My mind is blown every time I think about that. What makes it all the more incredible — or, in Mike Arnstein’s eyes, what made it possible — is that he reached this elite level of ultrarunning with a simple diet of raw fruits and vegetables.

You may know Mike as the Fruitarian. In addition to his spectacular 12:57.45 100-mile time (the 7th fastest in history by an American), his impressive resume includes wins at the Vermont 100 and the Javelina Jundred, a 135-mile Badwater finish and 153-mile Spartathlon finish, and a pair of 2:28 marathons at Boston and NYC.

Today I’m excited to share another interview clip, this one part of a new No Meat Athlete Academy seminar titled “Natural Workout Nutrition” where Mike shares his strategies for fueling before, during, and after his demanding workouts and races with so clean a plant-based diet.

In the clip, you’ll hear about his unorthodox post-race recovery food and an interesting technique for helping to regulate your electrolyte intake during races:

(If you’re reading by email or in an RSS reader, use this link to watch the video.)

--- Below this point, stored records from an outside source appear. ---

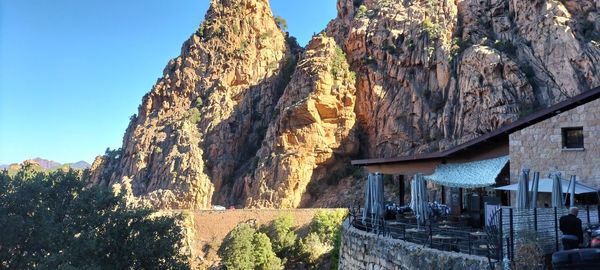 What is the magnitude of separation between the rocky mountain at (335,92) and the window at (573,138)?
23.9 m

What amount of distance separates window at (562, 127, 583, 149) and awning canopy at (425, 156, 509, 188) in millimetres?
2092

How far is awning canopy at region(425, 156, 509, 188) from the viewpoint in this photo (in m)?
14.9

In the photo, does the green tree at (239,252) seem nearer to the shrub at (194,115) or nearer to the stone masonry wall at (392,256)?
the stone masonry wall at (392,256)

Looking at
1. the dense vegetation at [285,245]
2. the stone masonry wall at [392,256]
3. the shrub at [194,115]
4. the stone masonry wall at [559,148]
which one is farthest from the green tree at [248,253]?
the shrub at [194,115]

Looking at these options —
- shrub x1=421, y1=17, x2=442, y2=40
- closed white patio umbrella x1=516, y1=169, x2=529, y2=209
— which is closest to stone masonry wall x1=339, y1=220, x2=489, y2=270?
closed white patio umbrella x1=516, y1=169, x2=529, y2=209

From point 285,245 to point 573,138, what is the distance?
27.5m

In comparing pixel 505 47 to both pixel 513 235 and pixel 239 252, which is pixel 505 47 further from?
pixel 513 235

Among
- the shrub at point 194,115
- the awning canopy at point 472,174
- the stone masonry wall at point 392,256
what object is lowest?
the stone masonry wall at point 392,256

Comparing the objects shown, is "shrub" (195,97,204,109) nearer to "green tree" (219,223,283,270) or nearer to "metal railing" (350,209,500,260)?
"green tree" (219,223,283,270)

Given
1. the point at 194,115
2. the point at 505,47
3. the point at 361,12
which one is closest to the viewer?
the point at 505,47

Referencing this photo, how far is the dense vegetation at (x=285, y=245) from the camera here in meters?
33.2

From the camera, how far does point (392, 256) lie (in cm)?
1127

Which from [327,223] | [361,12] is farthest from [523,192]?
[361,12]

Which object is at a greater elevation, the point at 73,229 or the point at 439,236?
the point at 439,236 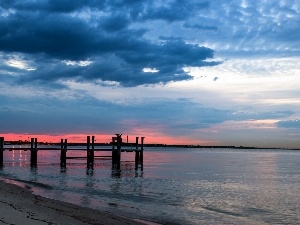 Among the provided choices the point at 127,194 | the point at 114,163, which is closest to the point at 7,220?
the point at 127,194

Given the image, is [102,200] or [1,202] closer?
[1,202]

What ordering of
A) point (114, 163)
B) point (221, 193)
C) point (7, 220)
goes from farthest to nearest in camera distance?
point (114, 163)
point (221, 193)
point (7, 220)

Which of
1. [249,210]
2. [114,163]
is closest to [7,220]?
[249,210]

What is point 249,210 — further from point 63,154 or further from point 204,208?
point 63,154

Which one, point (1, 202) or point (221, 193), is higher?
point (1, 202)

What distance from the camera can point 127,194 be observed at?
23094 mm

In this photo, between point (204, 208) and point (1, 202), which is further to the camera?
point (204, 208)

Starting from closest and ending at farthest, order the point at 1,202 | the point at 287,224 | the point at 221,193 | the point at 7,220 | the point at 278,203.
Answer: the point at 7,220
the point at 1,202
the point at 287,224
the point at 278,203
the point at 221,193

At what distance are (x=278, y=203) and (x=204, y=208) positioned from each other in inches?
226

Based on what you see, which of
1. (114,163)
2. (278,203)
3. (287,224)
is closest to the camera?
(287,224)

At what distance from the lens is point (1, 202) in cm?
1191

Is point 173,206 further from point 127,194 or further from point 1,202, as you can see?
point 1,202

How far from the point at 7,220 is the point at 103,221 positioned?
144 inches

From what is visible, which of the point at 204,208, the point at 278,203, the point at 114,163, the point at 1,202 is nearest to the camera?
the point at 1,202
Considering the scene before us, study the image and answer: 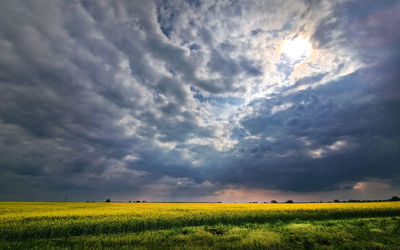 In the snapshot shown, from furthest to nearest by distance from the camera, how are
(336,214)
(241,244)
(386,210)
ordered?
A: (386,210), (336,214), (241,244)

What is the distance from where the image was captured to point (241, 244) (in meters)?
12.0

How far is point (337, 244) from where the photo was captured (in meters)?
12.3

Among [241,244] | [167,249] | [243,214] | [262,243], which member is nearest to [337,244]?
[262,243]

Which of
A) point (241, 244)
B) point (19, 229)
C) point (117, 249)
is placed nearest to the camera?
point (117, 249)

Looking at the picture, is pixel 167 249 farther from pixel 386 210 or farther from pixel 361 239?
pixel 386 210

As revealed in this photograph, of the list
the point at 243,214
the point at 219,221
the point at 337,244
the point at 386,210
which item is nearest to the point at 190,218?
the point at 219,221

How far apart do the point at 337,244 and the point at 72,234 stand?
20.0 m

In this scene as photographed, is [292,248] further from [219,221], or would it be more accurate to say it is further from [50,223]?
[50,223]

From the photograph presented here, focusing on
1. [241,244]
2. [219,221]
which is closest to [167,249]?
[241,244]

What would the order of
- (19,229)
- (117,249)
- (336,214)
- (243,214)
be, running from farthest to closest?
(336,214) → (243,214) → (19,229) → (117,249)

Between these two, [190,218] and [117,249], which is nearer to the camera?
[117,249]

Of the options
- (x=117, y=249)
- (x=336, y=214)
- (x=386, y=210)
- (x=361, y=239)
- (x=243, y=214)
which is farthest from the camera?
(x=386, y=210)

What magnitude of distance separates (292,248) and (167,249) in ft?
24.2

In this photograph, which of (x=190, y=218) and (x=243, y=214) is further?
(x=243, y=214) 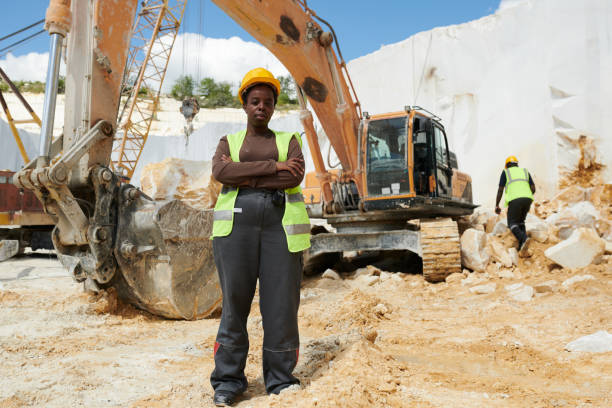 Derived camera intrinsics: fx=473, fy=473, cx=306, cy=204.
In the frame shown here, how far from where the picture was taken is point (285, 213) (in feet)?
7.33

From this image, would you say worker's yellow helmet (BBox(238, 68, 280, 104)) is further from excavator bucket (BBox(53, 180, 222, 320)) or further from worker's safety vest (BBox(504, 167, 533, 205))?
worker's safety vest (BBox(504, 167, 533, 205))

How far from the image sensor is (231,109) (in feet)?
136

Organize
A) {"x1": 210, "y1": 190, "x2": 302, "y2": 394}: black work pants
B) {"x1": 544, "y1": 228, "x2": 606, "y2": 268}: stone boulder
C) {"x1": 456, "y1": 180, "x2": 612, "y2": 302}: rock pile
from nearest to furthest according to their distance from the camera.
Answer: {"x1": 210, "y1": 190, "x2": 302, "y2": 394}: black work pants → {"x1": 456, "y1": 180, "x2": 612, "y2": 302}: rock pile → {"x1": 544, "y1": 228, "x2": 606, "y2": 268}: stone boulder

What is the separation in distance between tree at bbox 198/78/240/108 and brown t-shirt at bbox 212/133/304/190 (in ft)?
136

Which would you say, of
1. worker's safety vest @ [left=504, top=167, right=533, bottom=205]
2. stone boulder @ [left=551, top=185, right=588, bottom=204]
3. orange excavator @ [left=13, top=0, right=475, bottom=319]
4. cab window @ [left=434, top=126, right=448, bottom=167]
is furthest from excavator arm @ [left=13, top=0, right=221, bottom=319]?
stone boulder @ [left=551, top=185, right=588, bottom=204]

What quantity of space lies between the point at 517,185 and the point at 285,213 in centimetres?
586

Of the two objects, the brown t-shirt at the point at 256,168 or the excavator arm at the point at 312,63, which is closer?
the brown t-shirt at the point at 256,168

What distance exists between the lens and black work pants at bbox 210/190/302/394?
2.18 metres

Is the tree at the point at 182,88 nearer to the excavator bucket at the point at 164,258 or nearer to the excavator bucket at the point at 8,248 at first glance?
the excavator bucket at the point at 8,248

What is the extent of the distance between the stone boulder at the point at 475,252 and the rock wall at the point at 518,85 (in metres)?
8.27

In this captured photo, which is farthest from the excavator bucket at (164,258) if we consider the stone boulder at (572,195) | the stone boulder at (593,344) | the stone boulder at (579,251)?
the stone boulder at (572,195)

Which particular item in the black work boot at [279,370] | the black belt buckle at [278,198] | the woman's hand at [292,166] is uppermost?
the woman's hand at [292,166]

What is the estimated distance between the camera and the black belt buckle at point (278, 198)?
2219 mm

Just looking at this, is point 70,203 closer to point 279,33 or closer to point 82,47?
point 82,47
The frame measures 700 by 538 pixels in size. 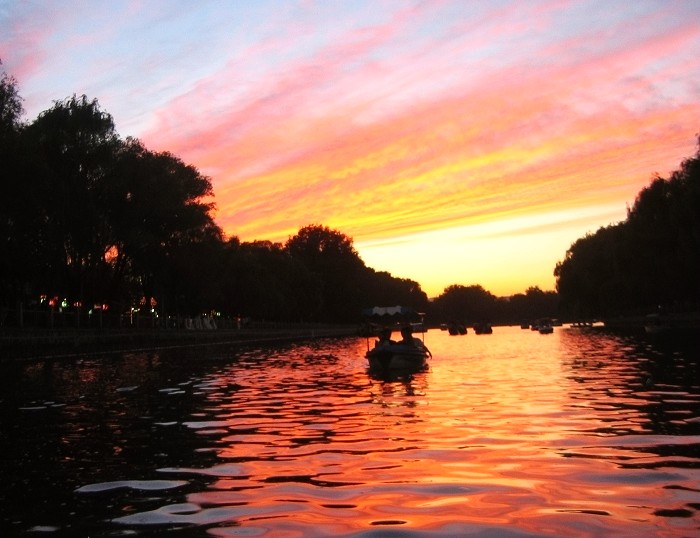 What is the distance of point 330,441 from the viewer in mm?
12859

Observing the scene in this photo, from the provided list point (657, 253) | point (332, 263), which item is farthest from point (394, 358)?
point (332, 263)

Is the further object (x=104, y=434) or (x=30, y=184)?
(x=30, y=184)

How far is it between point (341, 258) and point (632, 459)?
174779 millimetres

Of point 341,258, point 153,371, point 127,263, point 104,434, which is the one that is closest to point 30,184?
point 153,371

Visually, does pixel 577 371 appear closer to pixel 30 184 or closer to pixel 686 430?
pixel 686 430

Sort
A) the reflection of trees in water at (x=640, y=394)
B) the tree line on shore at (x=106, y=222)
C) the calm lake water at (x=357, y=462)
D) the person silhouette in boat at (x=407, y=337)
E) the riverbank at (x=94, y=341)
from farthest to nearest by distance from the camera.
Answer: the tree line on shore at (x=106, y=222), the riverbank at (x=94, y=341), the person silhouette in boat at (x=407, y=337), the reflection of trees in water at (x=640, y=394), the calm lake water at (x=357, y=462)

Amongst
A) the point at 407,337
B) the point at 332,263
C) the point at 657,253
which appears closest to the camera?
the point at 407,337

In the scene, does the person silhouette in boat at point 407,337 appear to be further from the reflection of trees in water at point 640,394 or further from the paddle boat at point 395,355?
the reflection of trees in water at point 640,394

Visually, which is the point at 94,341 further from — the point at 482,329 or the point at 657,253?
the point at 482,329

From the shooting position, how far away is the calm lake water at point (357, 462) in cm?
755

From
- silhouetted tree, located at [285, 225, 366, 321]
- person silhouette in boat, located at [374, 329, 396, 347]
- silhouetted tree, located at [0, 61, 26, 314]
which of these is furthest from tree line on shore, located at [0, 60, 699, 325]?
silhouetted tree, located at [285, 225, 366, 321]

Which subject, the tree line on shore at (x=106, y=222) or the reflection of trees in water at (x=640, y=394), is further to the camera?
the tree line on shore at (x=106, y=222)

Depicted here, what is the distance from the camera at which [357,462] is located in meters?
10.8

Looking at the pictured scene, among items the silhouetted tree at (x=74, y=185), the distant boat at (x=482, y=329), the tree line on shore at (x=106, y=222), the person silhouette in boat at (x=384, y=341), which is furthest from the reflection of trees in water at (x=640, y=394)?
the distant boat at (x=482, y=329) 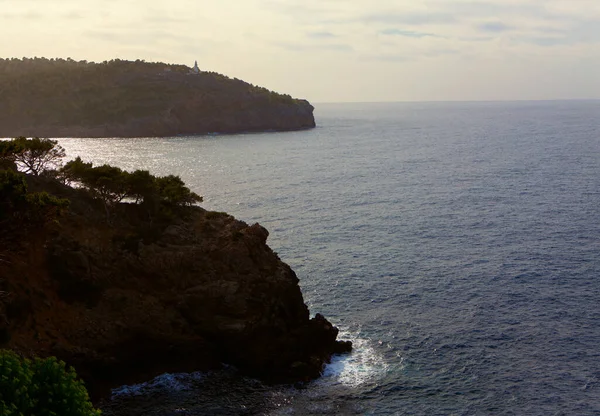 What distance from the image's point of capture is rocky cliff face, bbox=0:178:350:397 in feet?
156

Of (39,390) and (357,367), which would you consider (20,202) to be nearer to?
(39,390)

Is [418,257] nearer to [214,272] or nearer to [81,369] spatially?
[214,272]

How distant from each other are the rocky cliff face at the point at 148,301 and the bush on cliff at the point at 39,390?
49.9 feet

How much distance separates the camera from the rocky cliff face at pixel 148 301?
4762 cm

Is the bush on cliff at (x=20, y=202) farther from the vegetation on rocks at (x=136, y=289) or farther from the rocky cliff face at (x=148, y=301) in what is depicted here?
the rocky cliff face at (x=148, y=301)

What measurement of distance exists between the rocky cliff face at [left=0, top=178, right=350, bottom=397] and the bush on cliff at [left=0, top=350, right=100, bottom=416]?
1520 centimetres

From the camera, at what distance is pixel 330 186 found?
136m

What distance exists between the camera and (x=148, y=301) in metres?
52.5

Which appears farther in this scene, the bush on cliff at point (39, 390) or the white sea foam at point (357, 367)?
the white sea foam at point (357, 367)

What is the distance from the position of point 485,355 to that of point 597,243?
40.9 meters

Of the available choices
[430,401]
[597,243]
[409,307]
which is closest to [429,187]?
[597,243]

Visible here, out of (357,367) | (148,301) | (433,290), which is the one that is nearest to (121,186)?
(148,301)

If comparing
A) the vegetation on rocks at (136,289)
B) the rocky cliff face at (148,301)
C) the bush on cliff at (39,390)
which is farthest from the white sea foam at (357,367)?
the bush on cliff at (39,390)

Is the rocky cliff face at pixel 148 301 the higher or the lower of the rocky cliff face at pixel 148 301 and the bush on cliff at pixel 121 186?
the lower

The Academy opens on Wednesday, when the full, hour-long interview with Mike will be live and downloadable for members, complete with notes and a next actions worksheet. If you’d like me to send you an email update as soon as it is, sign up here.

In the meantime, check out Mike’s ultrarunning talk from the Woodstock Fruit Festival — his non-profit raw food event in the Adirondacks, which this year is a two-week long festival in August. I’ll be there for first week with my wife and kids, and I’ll also be giving a talk or two and leading a run! I’ve heard it’s a blast and we’re really looking forward to it.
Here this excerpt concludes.